The Civic Media Series: Reflective
Reflective practice is the ability to look at not only what you have done in the past, but engaging with the emotions, ideas, and experiences that inform your decisions in order to not only prevent mental roadblocks but to acknowledge that learning will always continue. It’s vital in all civic media work, but I’d say it’s even more important to prioritize reflection when you’re working with vulnerable populations, especially if you’re not a part of those communities.
Reflection is not only reactive but also proactive. It enables us to consider the outcomes before we act—something we should be doing, but often are not. When you’re coming from a place of privilege especially, you need to be cognizant of how your ideas and feelings are affecting how you engage. Everything that we are coming at a project with—our past experiences, our current situation, our hopes and fears and ideas—affect how we engage and affect our communities.

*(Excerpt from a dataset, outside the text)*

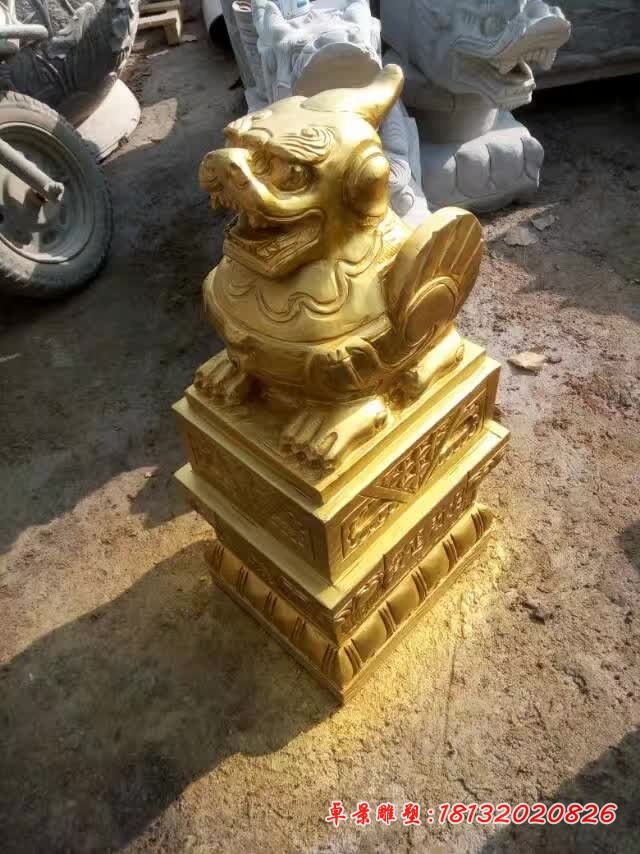 石雕漆金招财貔貅 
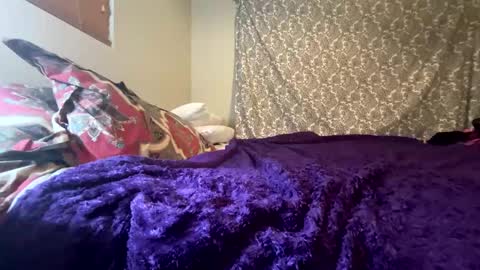 Snapshot of ladyluciii chatting on December 2024 07:26:02 AM ladyluciii online show from December 2024 07:26:02 AM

It’s important and necessary to consider the effects of our ideas and actions, but we must also consider why we do and think as we do. Good intentions rarely become positive actions if we do not work to understand the root of our preconceptions.
In his TED Talk, “Want to help someone? Shut up and listen!” Ernesto Sirolli, in addition to several other practices, reflects on aid work in Africa and how our approach means that work continues to fail. We often have grand ideas of how to save people, but these ideas don’t consider the lives of the people we’re trying to “help.” Consider what you’re feeling about the communities you want to work with; is it patronizing? Is it pitying or paternalistic? Is it grounded in their knowledge or your own ideas? If the building a solution doesn’t include the reality of the community you’re building it alongside, it’s not a viable solution.

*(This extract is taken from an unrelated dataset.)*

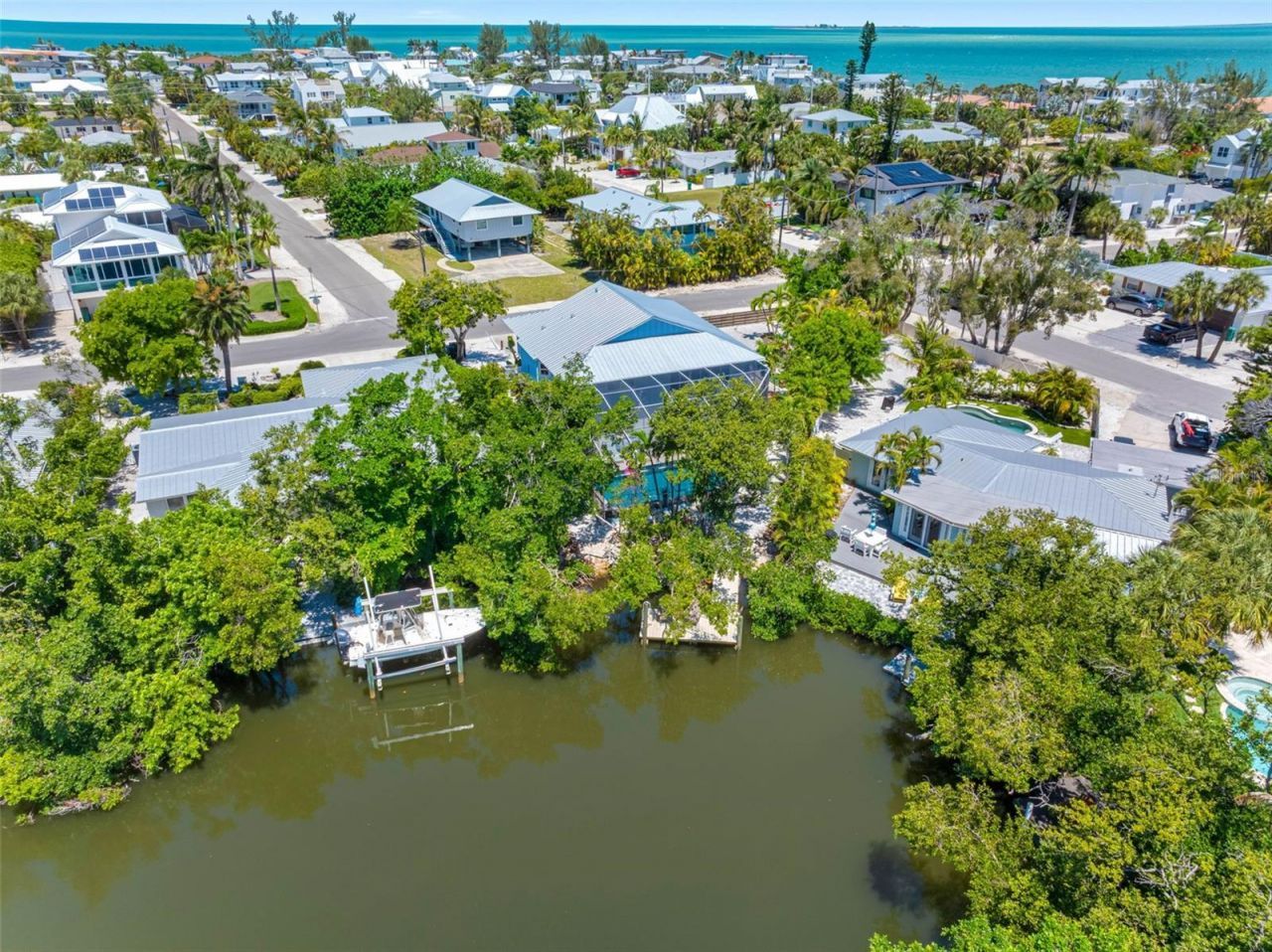 417 Poinsettia Road, Anna Maria, FL 34216 Photo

The anthology Resistance and Hope: Essays by Disabled People edited by Alice Wong offers many examples of reflective practice, but in her essay “Building Back Belonging, Hope and Possibility,” Mia Mingus reflects on modern activism and how her own reflection led to an approach she calls “building alternatives”—working on what we need for the world as it is. Of course, Mingus’ work is rooted in Disability Justice and that too is the result of quite a lot of reflection.
We can reflect on our work by talking through it—with others and with ourselves—through vlogs, blogs, or even social media. It can be helpful to catalogue your thoughts like this, but reflection might be as simple as talking through the experience with a friend, figuring out what you learned from it, and trying to use that information for the future.
Incorporating reflection in simple ways like this allows us to prioritize it as a part of the work, rather than an afterthought. It’s easy to focus so much on the important work being done that you forget how reflection exists as a part of that work. When your time and energy are limited, it’s important to plan for reflection rather than hoping it will happen eventually.